> RECORDS
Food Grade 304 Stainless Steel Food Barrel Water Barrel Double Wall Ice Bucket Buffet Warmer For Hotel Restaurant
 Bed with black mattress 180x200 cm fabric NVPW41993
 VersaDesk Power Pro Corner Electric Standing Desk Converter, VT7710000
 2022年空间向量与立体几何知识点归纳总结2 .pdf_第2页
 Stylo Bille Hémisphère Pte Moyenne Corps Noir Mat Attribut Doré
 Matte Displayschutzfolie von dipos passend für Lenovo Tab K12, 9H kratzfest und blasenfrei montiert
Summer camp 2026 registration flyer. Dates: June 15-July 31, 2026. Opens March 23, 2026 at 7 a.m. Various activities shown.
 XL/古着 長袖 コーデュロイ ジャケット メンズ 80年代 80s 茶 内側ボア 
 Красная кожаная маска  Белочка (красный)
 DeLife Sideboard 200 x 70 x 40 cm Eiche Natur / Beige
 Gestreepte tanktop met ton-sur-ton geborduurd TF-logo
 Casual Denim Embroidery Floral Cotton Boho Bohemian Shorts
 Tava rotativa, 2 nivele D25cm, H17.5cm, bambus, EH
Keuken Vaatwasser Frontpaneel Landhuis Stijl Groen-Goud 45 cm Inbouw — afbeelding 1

> TASK DESCRIPTION
Word for word, write out each of the records shown above.

> RESPONSE
Food Grade 304 Stainless Steel Food Barrel Water Barrel Double Wall Ice Bucket Buffet Warmer For Hotel Restaurant
 Bed with black mattress 180x200 cm fabric NVPW41993
 VersaDesk Power Pro Corner Electric Standing Desk Converter, VT7710000
 2022年空间向量与立体几何知识点归纳总结2 .pdf_第2页
 Stylo Bille Hémisphère Pte Moyenne Corps Noir Mat Attribut Doré
 Matte Displayschutzfolie von dipos passend für Lenovo Tab K12, 9H kratzfest und blasenfrei montiert
Summer camp 2026 registration flyer. Dates: June 15-July 31, 2026. Opens March 23, 2026 at 7 a.m. Various activities shown.
 XL/古着 長袖 コーデュロイ ジャケット メンズ 80年代 80s 茶 内側ボア 
 Красная кожаная маска  Белочка (красный)
 DeLife Sideboard 200 x 70 x 40 cm Eiche Natur / Beige
 Gestreepte tanktop met ton-sur-ton geborduurd TF-logo
 Casual Denim Embroidery Floral Cotton Boho Bohemian Shorts
 Tava rotativa, 2 nivele D25cm, H17.5cm, bambus, EH
Keuken Vaatwasser Frontpaneel Landhuis Stijl Groen-Goud 45 cm Inbouw — afbeelding 1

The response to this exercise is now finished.